Research suggests that WM capacity is related to performance in situations in which some form of interference must be overcome, such as proactive interference (Anderson & Neely, 1996; Jonides & Nee, 2006; Lustig et al., 2001), response competition (Conway & Engle, 1994), or habitual, inappropriate responses (see Conway et al., 2003), with high-span individuals showing more resistance to interference. Similar conclusions have been drawn in attention tasks such as Stroop tasks (Long & Pratt, 2002), visual orienting (Kane et al., 2001), and negative priming (Conway, Tuholski, Shisler, & Engle, 1999). We have shown that these same conclusions about WM capacity can be generalized to action planning in which one must decide what to do and when to do it. Taken together, it appears that WM span differences are reflected in the control processes required to select the correct response from among highly accessible incorrect responses.

In summary, the present study shows that the degree of interference between overlapping action plans depends on WM span.
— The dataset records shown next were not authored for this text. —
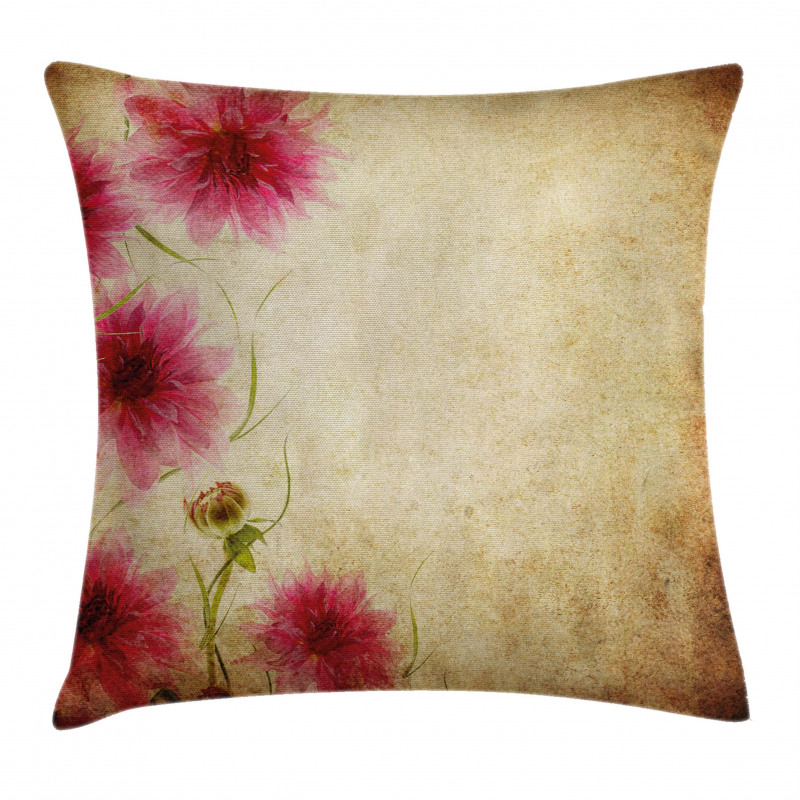 Retro Flowers Grungy Old Pillow Cover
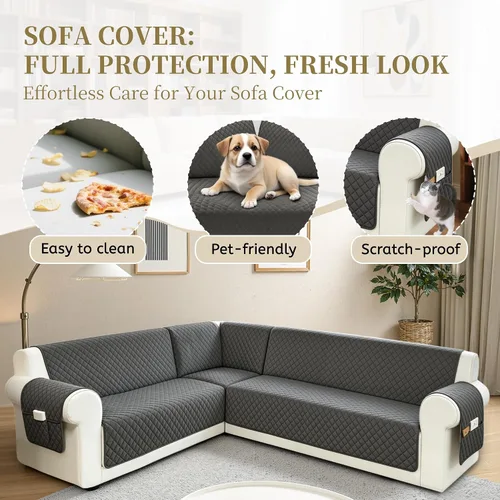 Miniatura 5 de Fundas para sofá seccional para perros 100% impermeables, funda de esquina para sofá en forma de L, para mascotas, de terciopelo, lavable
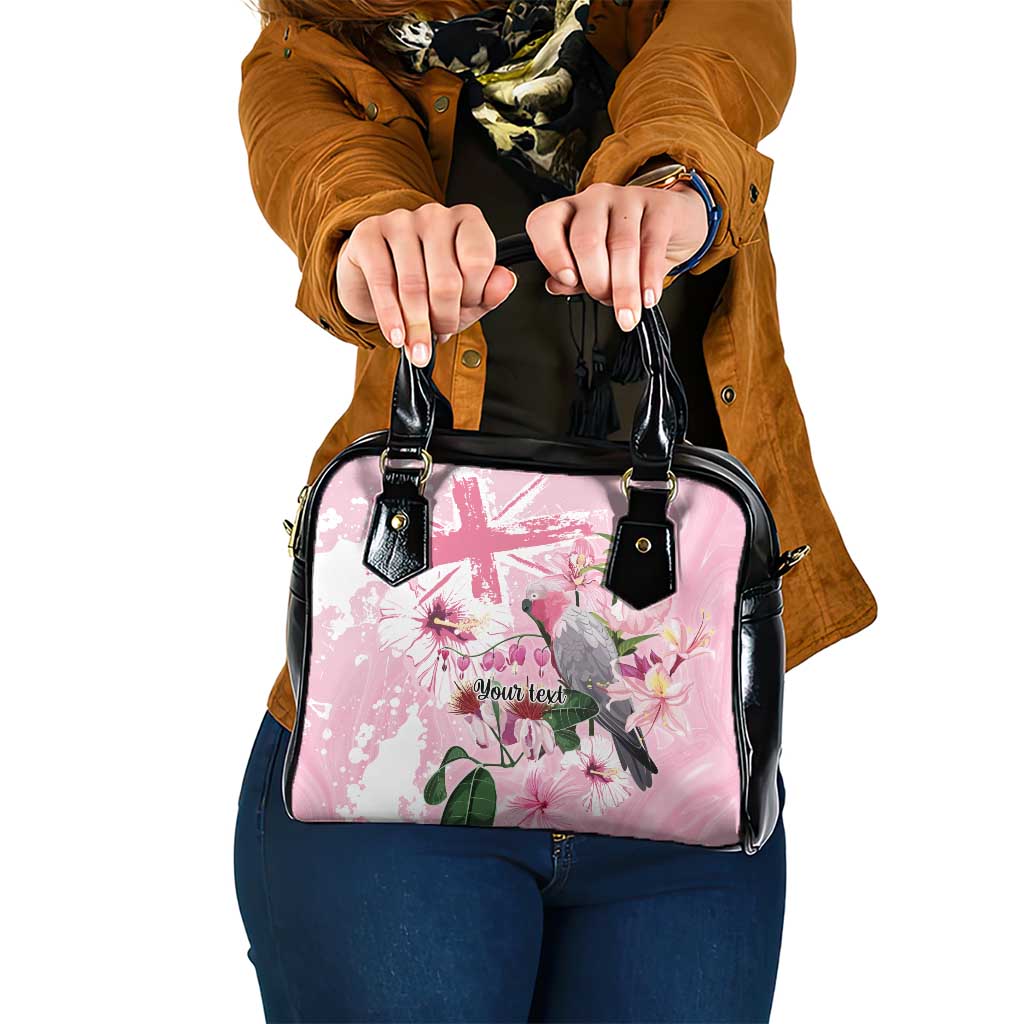 Personalised Australia Day Shoulder Handbag Pink Parrot Bird Opal Art - Aussie Hoodie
Fewer WM resources (i.e., low span scores) are associated with greater interference. More generally, this study has shown that WM plays an important role in managing current and upcoming action plans, at least for newly learned tasks. The time required to select and execute an action plan, while maintaining another action plan in WM, is compromised more in individuals with low WM spans than in individuals with high WM spans. These findings suggest that WM span can predict one’s ability to suppress goal-irrelevant actions in order to select goal-relevant ones.